Does HOPE occur in all flares? Different kinds of flares arguably do exist -- notably, eruptive flares clearly differ from confined flares. A "Hyder flare", probably better described as a "filament eruption" or disparition brusque quite noticeable from day-on-day observations in the chromospheric Fraunhofer line H&\alpha;, when a filament will just mysteriously disappear. Figure 1 shows the Wikipedia example of a Hyder flare, SOL2014-11-01T05:34 (C3).

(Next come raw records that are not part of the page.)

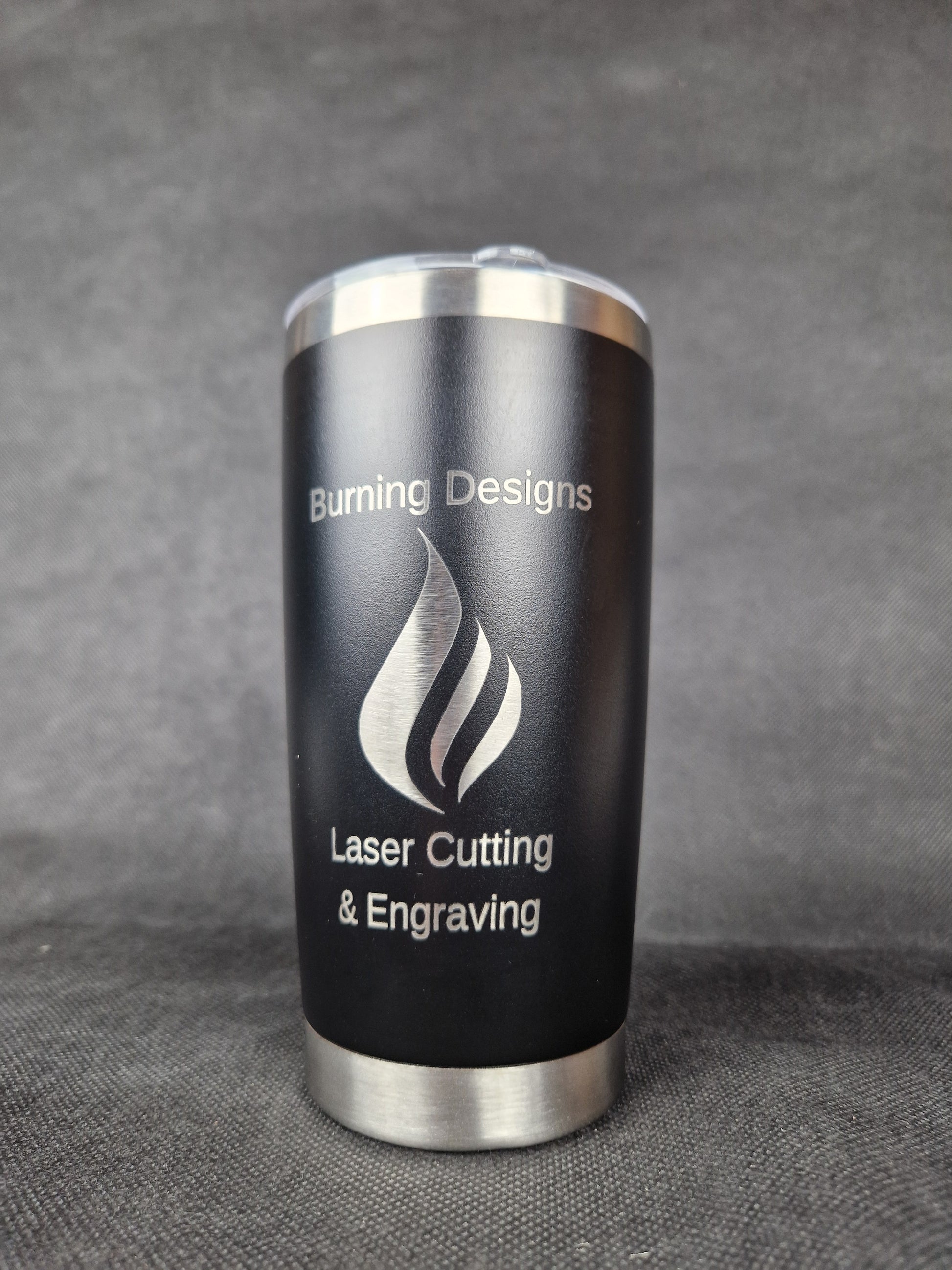 Stainless steel travel tumbler with custom laser engraved design and insulated walls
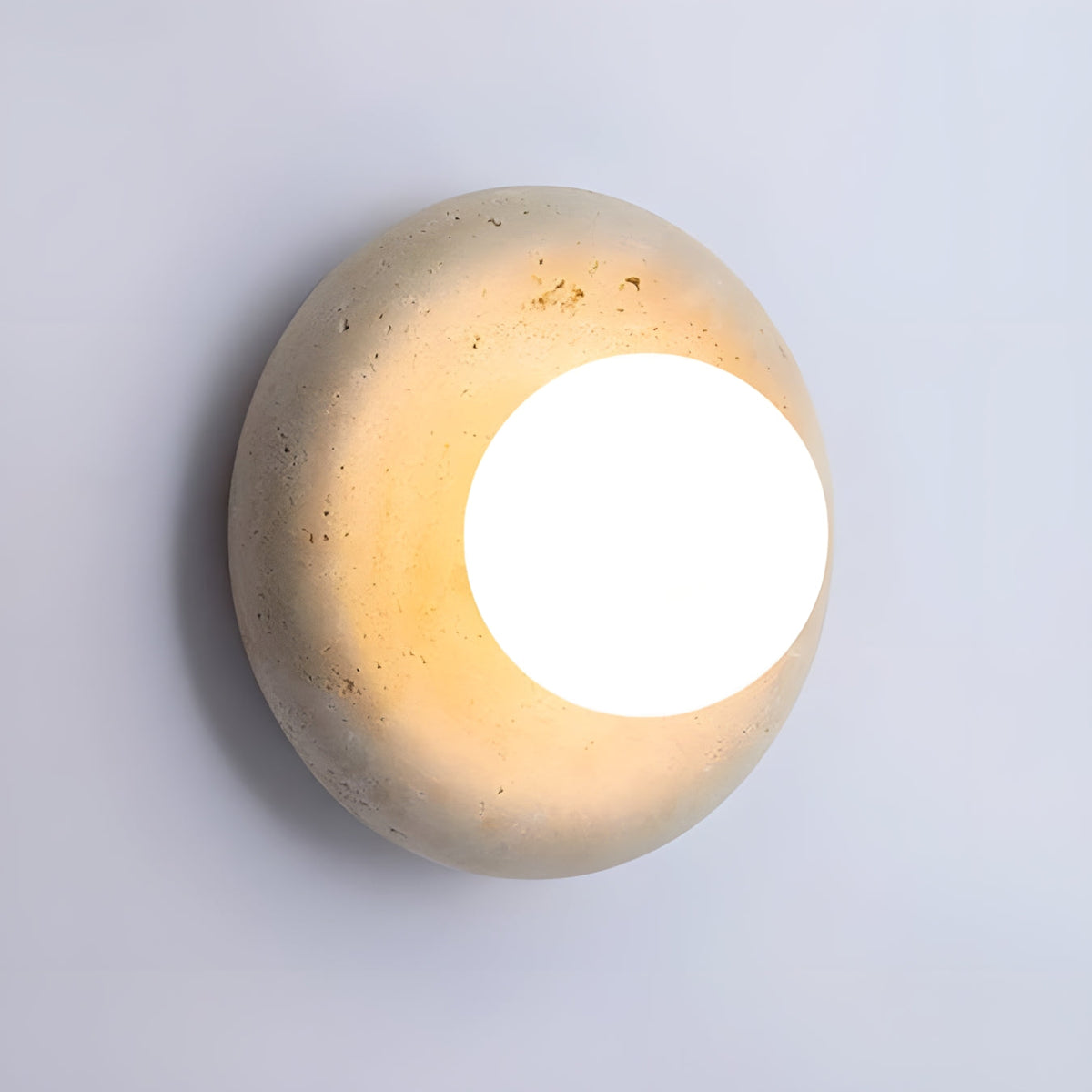 Nuvane Orb Curated Yellow Travertine Wall Sconce – macro detail view #1
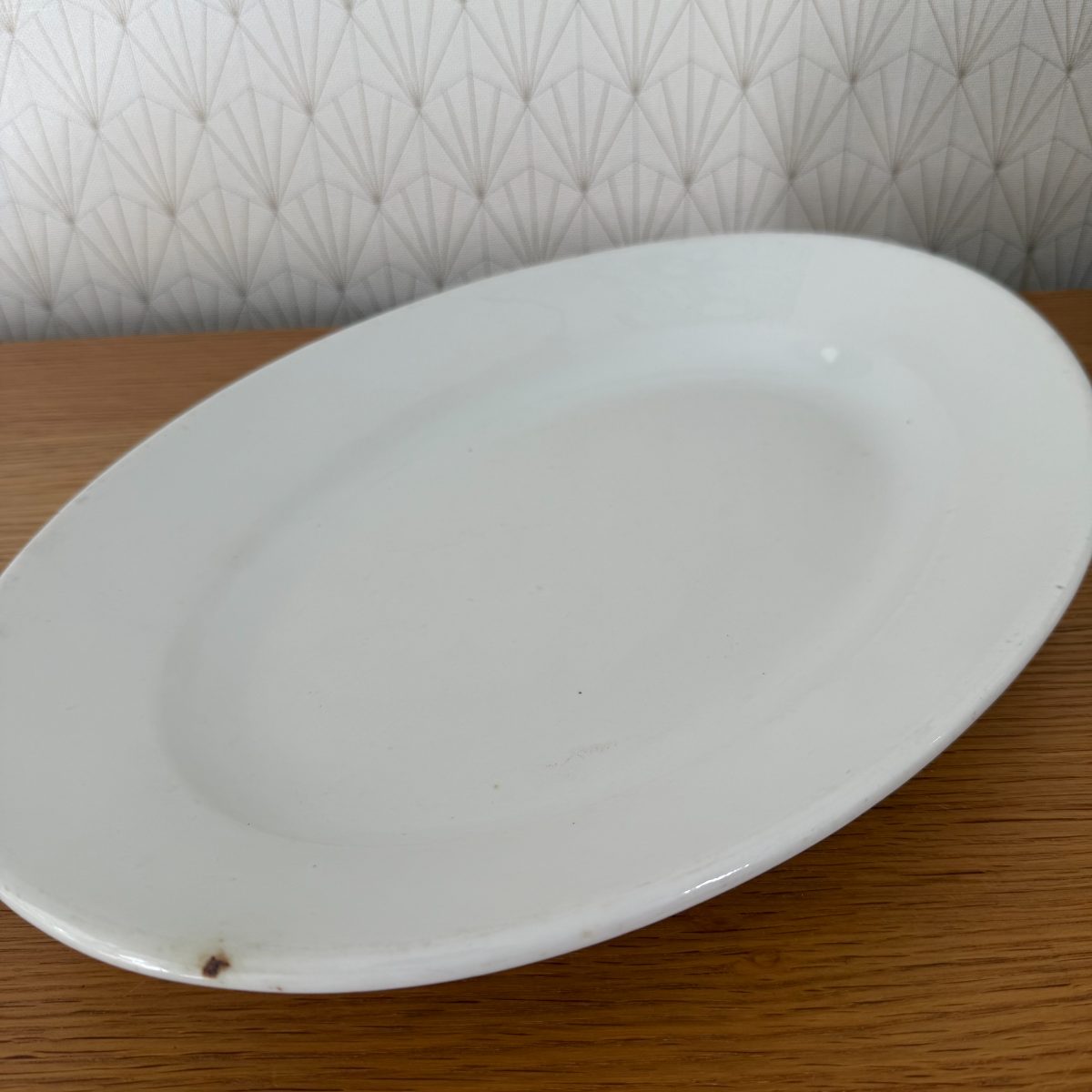 Overhead view of antique French white ironstone oval platter laid flat on oak table showing full oval form.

HOPE in flares and filament eruptions
The HOPE phenomenon is best recognized from a diagnostic diagram tracing out a flare's thermal X-ray emission. Figure 1 plots two of these diagrams, which show the evolution of isothermal temperature vs. emission measure. Generally this plot circulates in the clockwise sense, and the HOPE appears as a horizontal branch at rough fixed (hot) temperature while the emission measure rises steadily. In a major solar flare, plasma temperatures may rise to 15-10 MK, typically following the hard X-ray/microwave "impulsive phase".
Conclusion
We find that filament-eruption events also show HOPE. What does it mean? As yet there is no theoretical or modeling counterpart to this obviously important phase of a flare - it is important enough that one can reliably anticipate flare occurrence. It seems likely that the HOPE represents the fundamental flare instability, and that the impulsive phase, particle acceleration, CME and CSHKP phenomena are secondary effects and actually optional.
So, yes there is HOPE, but there is no need for a separate category of Hyder flares.